Rogers and members of the City Council are expected to take the 8:20 a.m. ferry from Port Angeles to Victoria, pick up Mayor Alan Lowe and members of his council, and ride the 10:30 a.m. ferry back to Port Angeles.
The group has scheduled a two-hour lunch at The Landing restaurant, then the Canadians will catch the 2 p.m. ferry back to Vancouver Island.
There is a lot to fit into the brief time the leaders will have together, Rogers said.
On the Friday morning sailing to Port Angeles, the civic leaders will be able to ask Black Ball Transportation, the private ferry’s owners, about the history of the MV Coho, its role in regional transportation and its business.
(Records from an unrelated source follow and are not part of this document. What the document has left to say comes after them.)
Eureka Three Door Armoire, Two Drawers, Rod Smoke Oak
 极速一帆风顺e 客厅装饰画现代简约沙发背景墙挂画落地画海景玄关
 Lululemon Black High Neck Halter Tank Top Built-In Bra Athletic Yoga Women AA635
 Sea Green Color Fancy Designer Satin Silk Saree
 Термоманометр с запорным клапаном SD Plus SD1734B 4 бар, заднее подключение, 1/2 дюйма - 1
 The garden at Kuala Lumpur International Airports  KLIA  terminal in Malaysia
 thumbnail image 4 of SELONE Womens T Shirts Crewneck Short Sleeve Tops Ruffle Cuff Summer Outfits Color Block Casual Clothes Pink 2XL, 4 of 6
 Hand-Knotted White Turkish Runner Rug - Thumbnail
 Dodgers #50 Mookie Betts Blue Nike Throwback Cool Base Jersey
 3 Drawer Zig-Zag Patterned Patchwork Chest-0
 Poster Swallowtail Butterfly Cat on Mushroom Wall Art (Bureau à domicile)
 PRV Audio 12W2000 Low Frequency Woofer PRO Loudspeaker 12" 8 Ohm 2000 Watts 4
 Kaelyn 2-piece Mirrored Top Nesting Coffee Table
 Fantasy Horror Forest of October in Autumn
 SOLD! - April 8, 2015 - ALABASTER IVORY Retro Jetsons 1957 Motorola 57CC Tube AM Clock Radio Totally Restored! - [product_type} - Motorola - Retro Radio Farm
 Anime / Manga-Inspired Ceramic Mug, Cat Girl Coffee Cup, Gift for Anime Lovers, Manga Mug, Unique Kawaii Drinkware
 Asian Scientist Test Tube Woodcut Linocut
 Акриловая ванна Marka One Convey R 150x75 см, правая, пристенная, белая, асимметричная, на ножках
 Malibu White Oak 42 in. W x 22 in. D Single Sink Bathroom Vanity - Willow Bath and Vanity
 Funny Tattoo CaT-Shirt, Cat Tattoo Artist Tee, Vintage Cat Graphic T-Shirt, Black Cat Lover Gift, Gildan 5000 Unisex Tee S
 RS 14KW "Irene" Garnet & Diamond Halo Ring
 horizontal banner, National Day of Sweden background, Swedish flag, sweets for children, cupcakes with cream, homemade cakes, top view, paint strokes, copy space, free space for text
Whether the large vehicle and passenger ferry will be able to continue docking in Victoria’s Inner Harbour is in doubt considering current plans for revitalization of the harbor’s south side from a task force commissioned by Lowe.
The plans, which were made public in early August, show the Coho terminal and adjacent car-truck gathering area would be replaced with a high-rise hotel and a new passenger ferry landing.
The Canadian Pacific building, next door to the Coho terminal, which now houses the Royal London Wax Museum, would be renovated with restaurants and other tourist attractions.
“Not only is it important to us, it should be very important to them,” Rogers said.
“It puts $500,000 in their town, a tremendous value to Victoria. I’m not sure they understand the economic impact if the Coho moves to Sidney.”
Sidney, where the Washington State Ferries route from Anacortes ends, is about 16 miles to the northeast of Victoria.
Rogers said she wants her meeting on Friday to be about more than ferries.
She hopes to discuss economic issues, such as capitalizing on the 2010 winter Olympics to be held in Vancouver and getting more visitors to take “two-nation vacations” – efforts that could lead to an “economic shared strategy between the two cities,” she said.
She also wants an update on Victoria’s efforts to stop dumping its untreated wastewater into the Strait of Juan de Fuca.
“Here we are spending millions and millions of dollars for water quality and salmon restoration, and here we have raw sewage,” Rogers said.
As of this weekend, Rogers said she was not sure which council members may join her, but she did not think a quorum would ride the ferry with her.
If there is a quorum at the lunch meeting, the council would have to declare that in advance.